EXERCISE GOAL:
Transcribe exactly, and only, the lines running from the one with "Temporanea Gesso,7 Pcs" to the end of the entries below, both included, without any pictures.
Segment Open
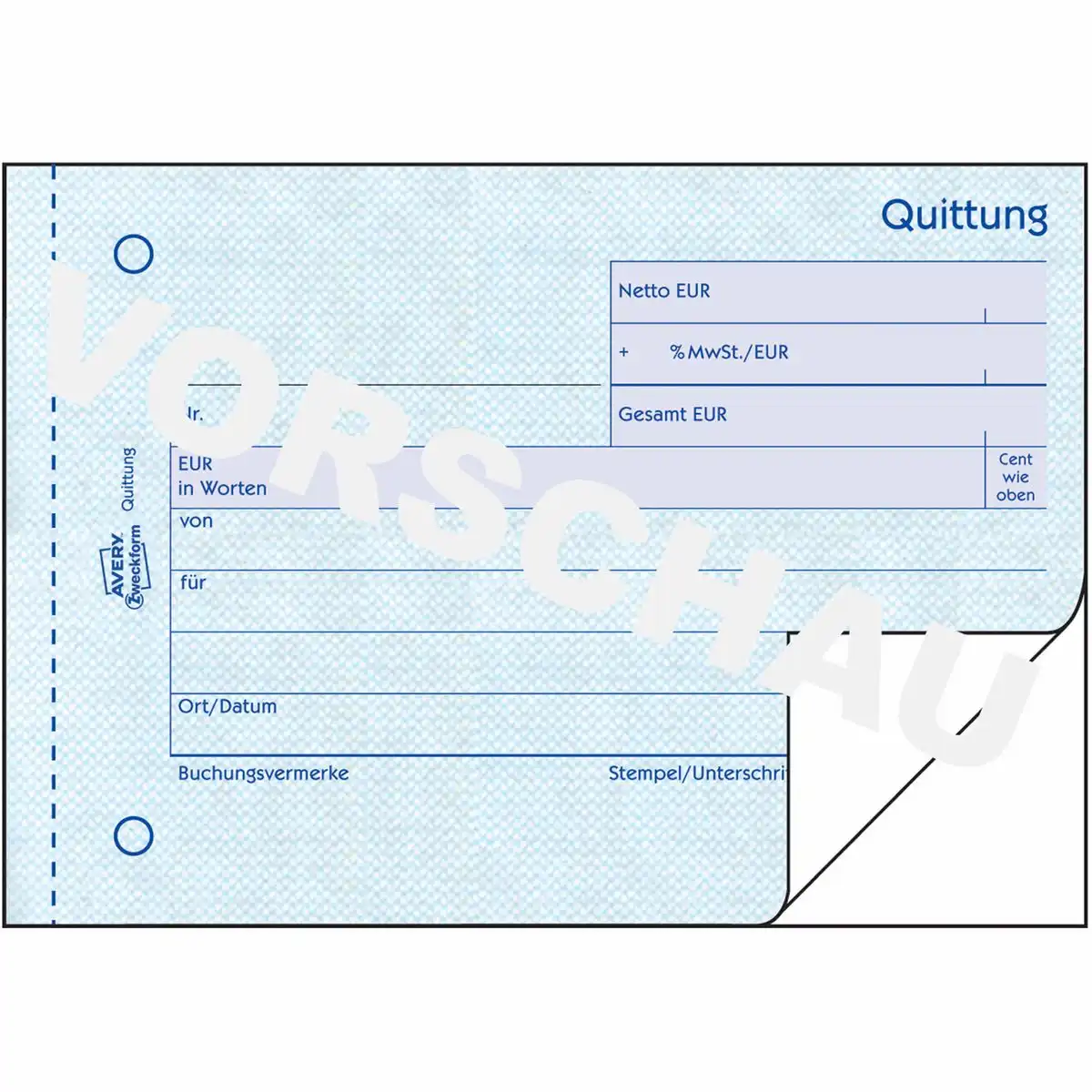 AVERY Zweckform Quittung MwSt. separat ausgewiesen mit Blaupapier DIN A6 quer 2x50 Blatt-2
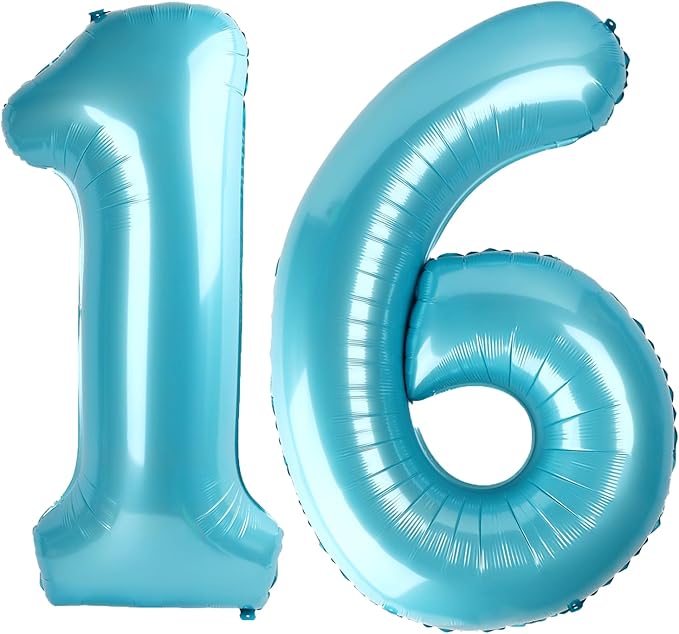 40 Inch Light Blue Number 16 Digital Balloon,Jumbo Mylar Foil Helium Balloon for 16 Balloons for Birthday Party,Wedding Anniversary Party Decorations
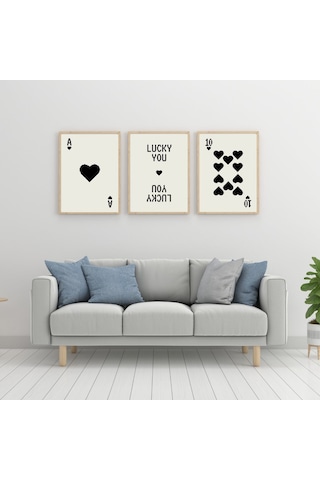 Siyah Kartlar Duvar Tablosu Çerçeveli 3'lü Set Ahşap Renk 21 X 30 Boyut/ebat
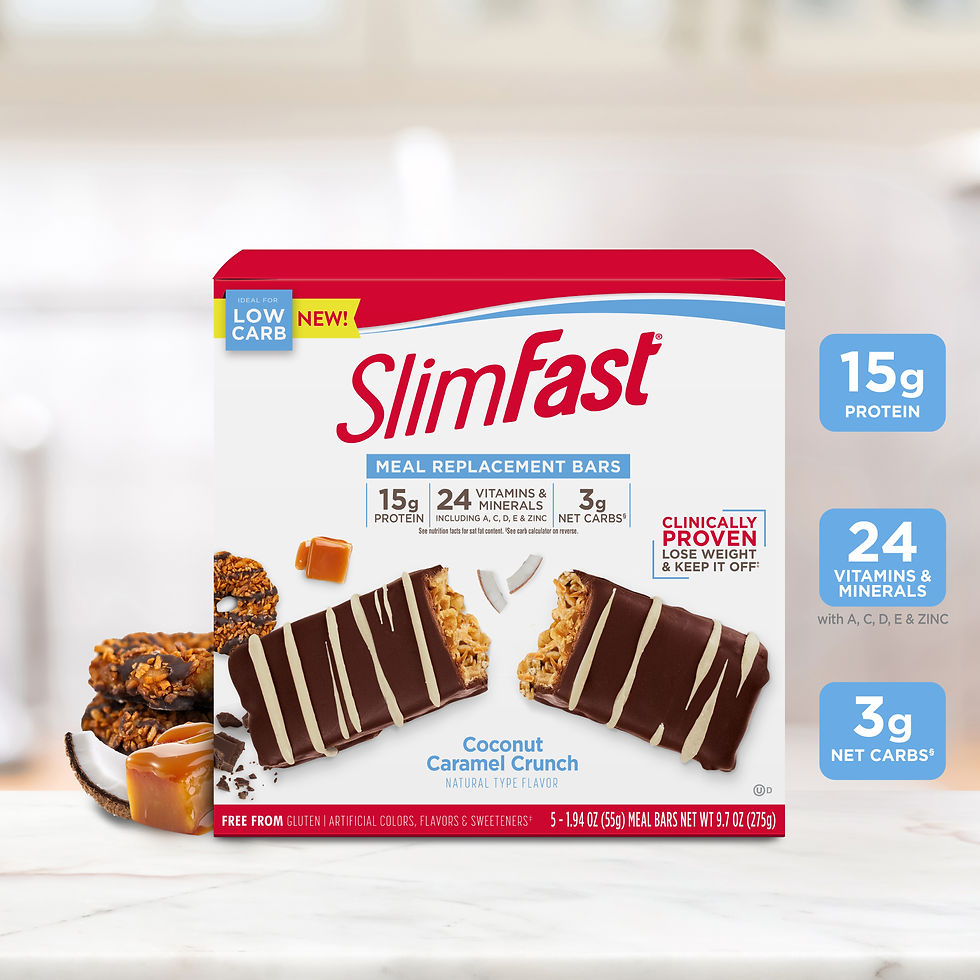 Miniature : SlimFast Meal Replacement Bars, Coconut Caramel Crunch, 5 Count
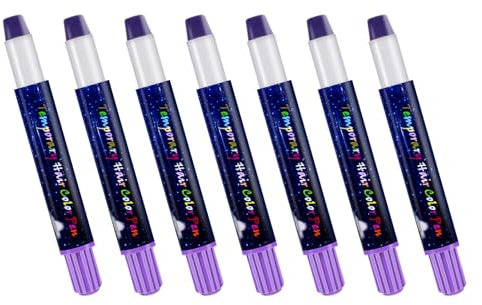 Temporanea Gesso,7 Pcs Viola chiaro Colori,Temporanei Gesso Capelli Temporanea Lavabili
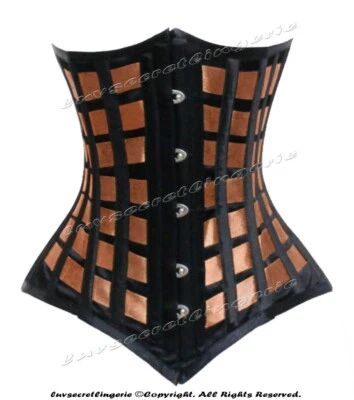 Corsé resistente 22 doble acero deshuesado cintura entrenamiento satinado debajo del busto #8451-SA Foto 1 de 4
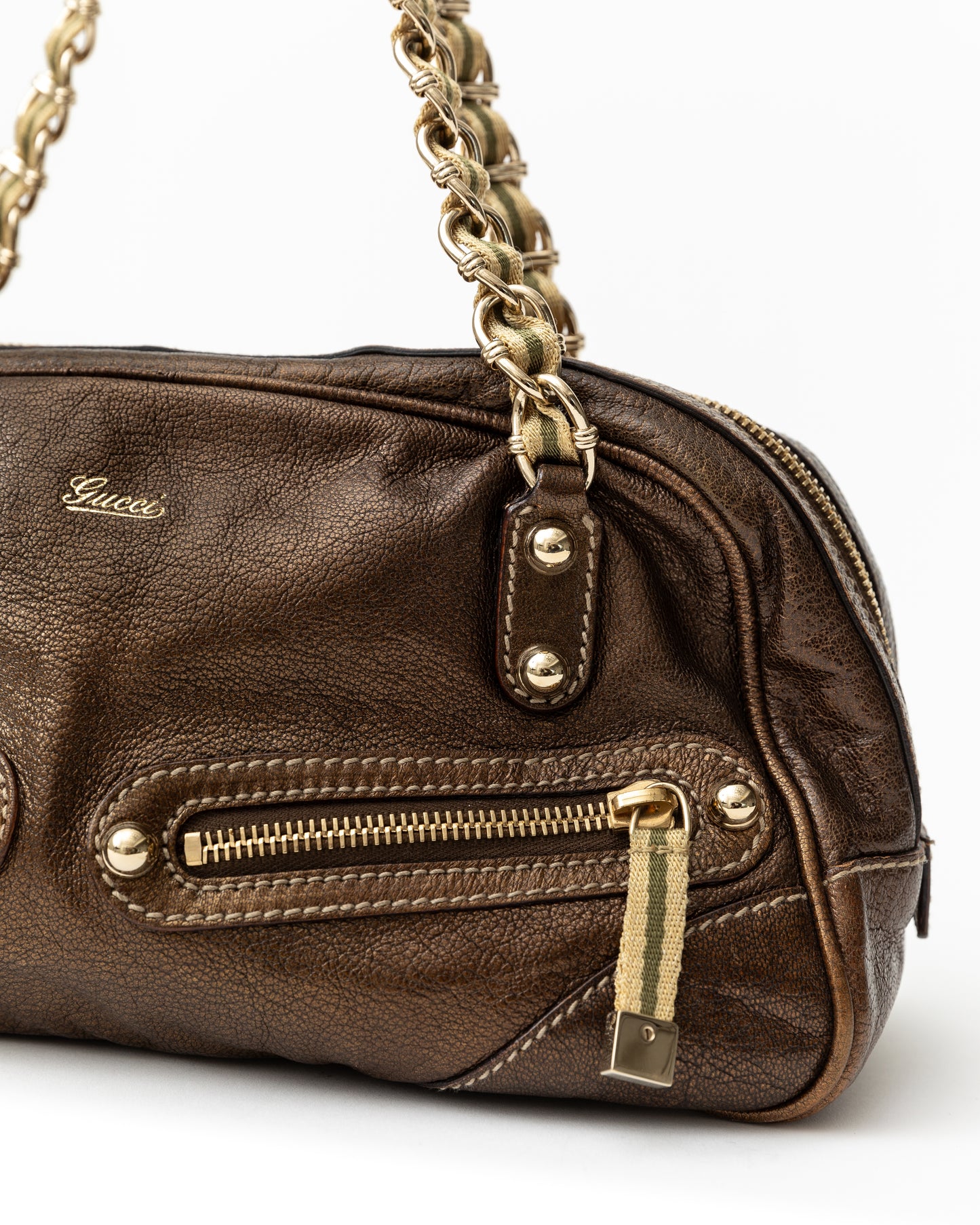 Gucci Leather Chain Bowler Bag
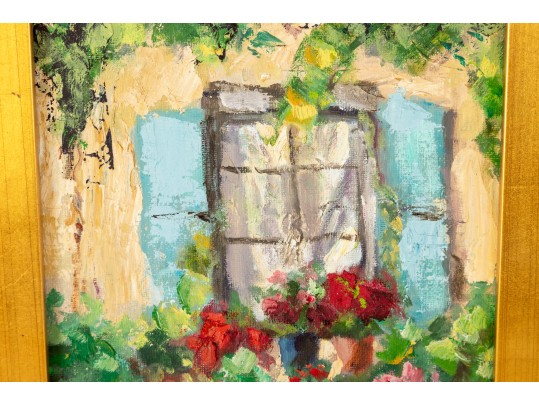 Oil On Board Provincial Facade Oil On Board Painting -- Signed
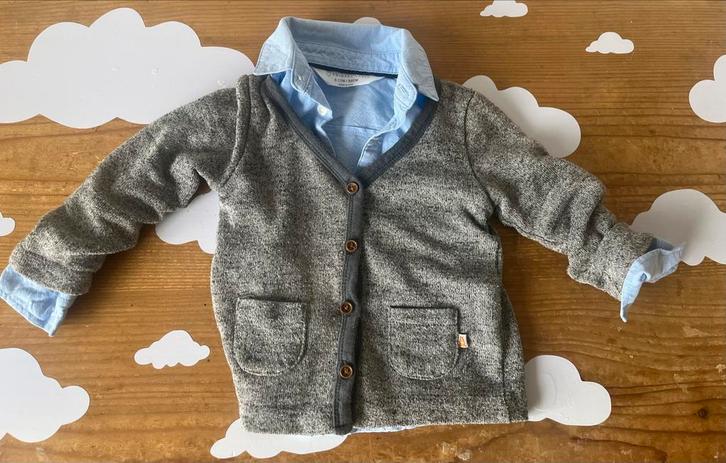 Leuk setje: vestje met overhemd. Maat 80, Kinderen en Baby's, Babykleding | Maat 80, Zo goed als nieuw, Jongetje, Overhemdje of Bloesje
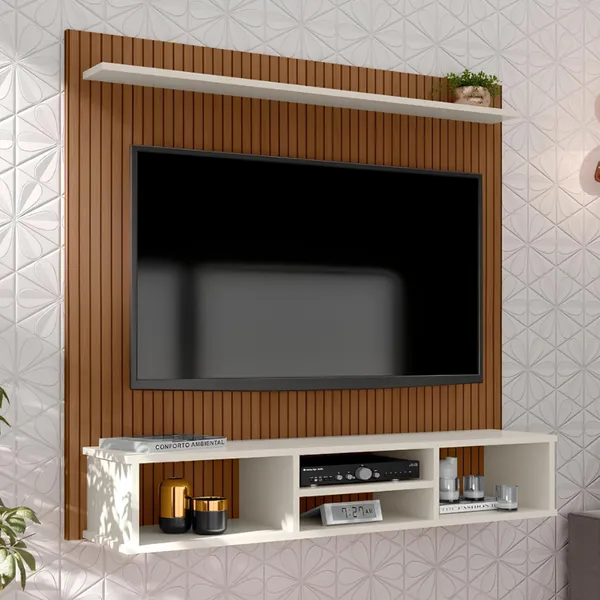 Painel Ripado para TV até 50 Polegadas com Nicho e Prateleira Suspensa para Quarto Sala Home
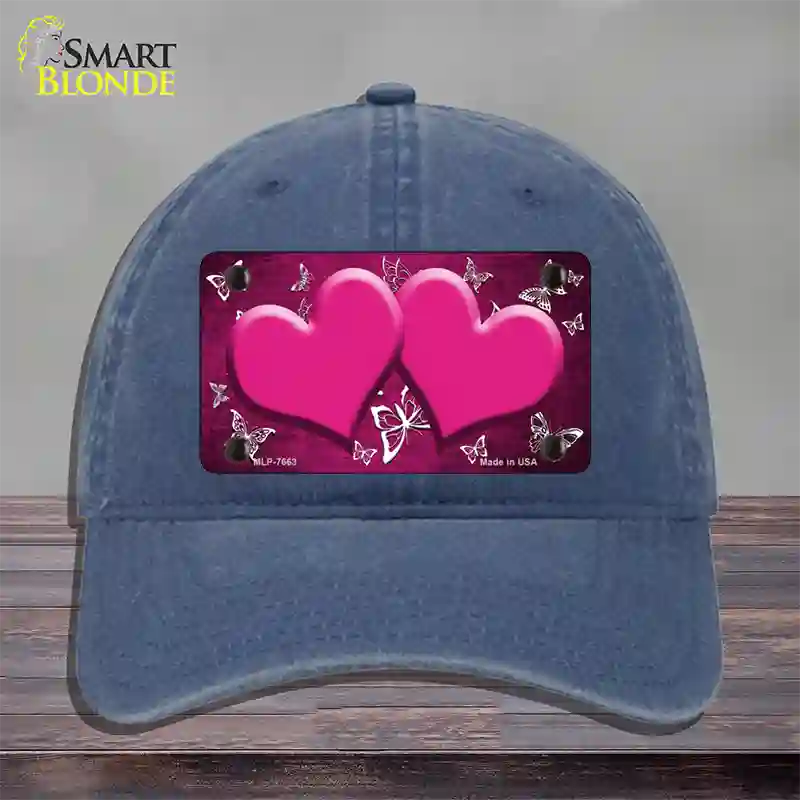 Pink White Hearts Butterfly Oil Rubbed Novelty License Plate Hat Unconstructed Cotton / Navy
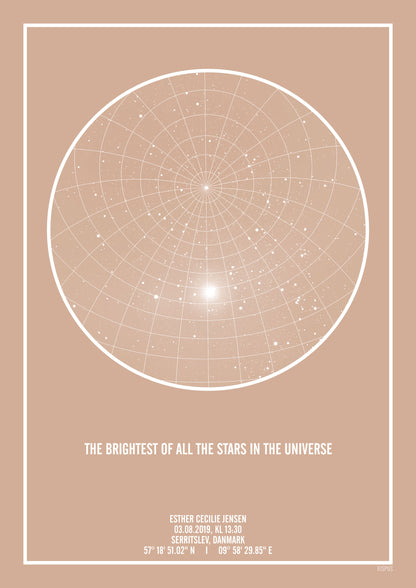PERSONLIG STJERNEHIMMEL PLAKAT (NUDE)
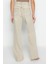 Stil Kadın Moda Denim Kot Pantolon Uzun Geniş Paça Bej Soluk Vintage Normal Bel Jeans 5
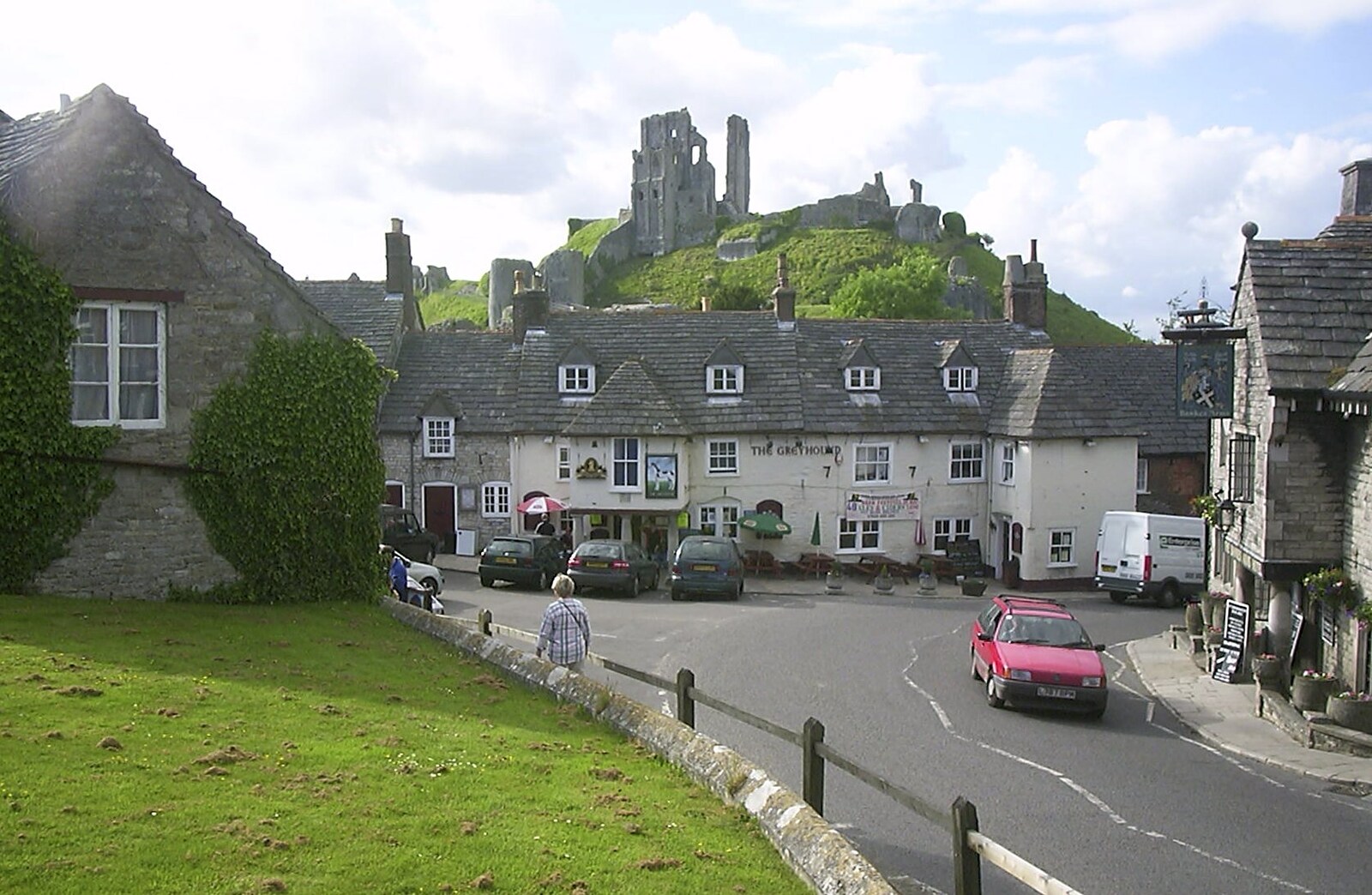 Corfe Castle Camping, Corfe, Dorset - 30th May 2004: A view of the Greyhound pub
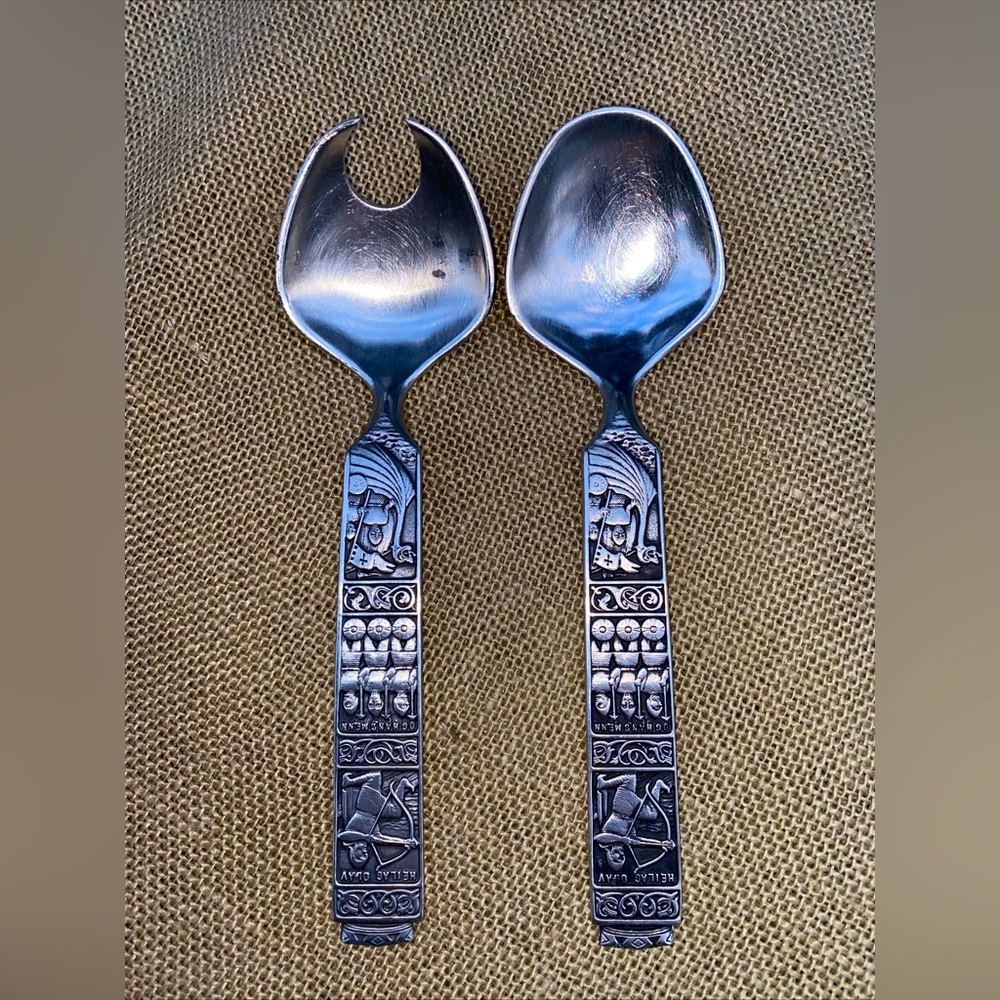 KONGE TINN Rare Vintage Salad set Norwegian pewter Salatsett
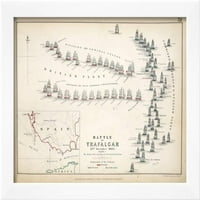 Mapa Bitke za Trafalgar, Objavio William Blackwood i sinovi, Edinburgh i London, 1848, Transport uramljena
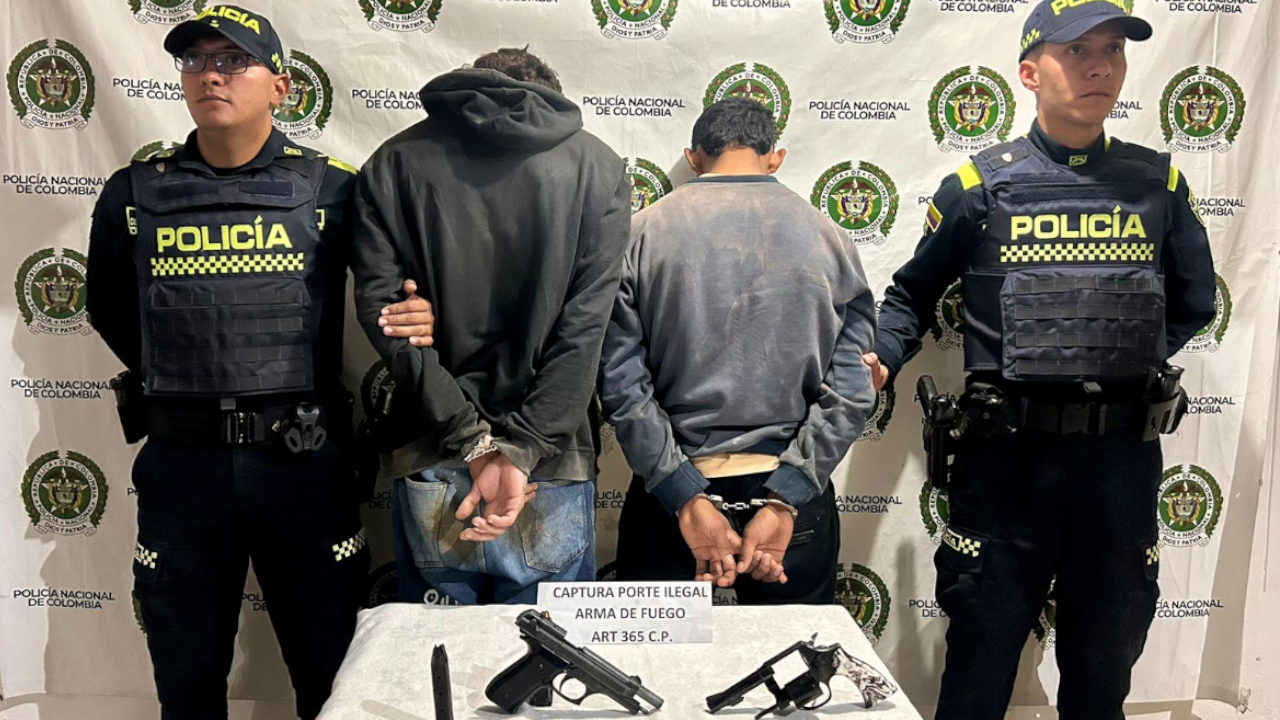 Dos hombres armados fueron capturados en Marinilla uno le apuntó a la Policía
Segment Closed
RESULT OF THIS EXERCISE:
 Temporanea Gesso,7 Pcs Viola chiaro Colori,Temporanei Gesso Capelli Temporanea Lavabili
 Corsé resistente 22 doble acero deshuesado cintura entrenamiento satinado debajo del busto #8451-SA Foto 1 de 4
 Gucci Leather Chain Bowler Bag
 Oil On Board Provincial Facade Oil On Board Painting -- Signed
 Leuk setje: vestje met overhemd. Maat 80, Kinderen en Baby's, Babykleding | Maat 80, Zo goed als nieuw, Jongetje, Overhemdje of Bloesje
 Painel Ripado para TV até 50 Polegadas com Nicho e Prateleira Suspensa para Quarto Sala Home
 Pink White Hearts Butterfly Oil Rubbed Novelty License Plate Hat Unconstructed Cotton / Navy
PERSONLIG STJERNEHIMMEL PLAKAT (NUDE)
 Stil Kadın Moda Denim Kot Pantolon Uzun Geniş Paça Bej Soluk Vintage Normal Bel Jeans 5
 Corfe Castle Camping, Corfe, Dorset - 30th May 2004: A view of the Greyhound pub
 KONGE TINN Rare Vintage Salad set Norwegian pewter Salatsett
 Mapa Bitke za Trafalgar, Objavio William Blackwood i sinovi, Edinburgh i London, 1848, Transport uramljena
 Dos hombres armados fueron capturados en Marinilla uno le apuntó a la Policía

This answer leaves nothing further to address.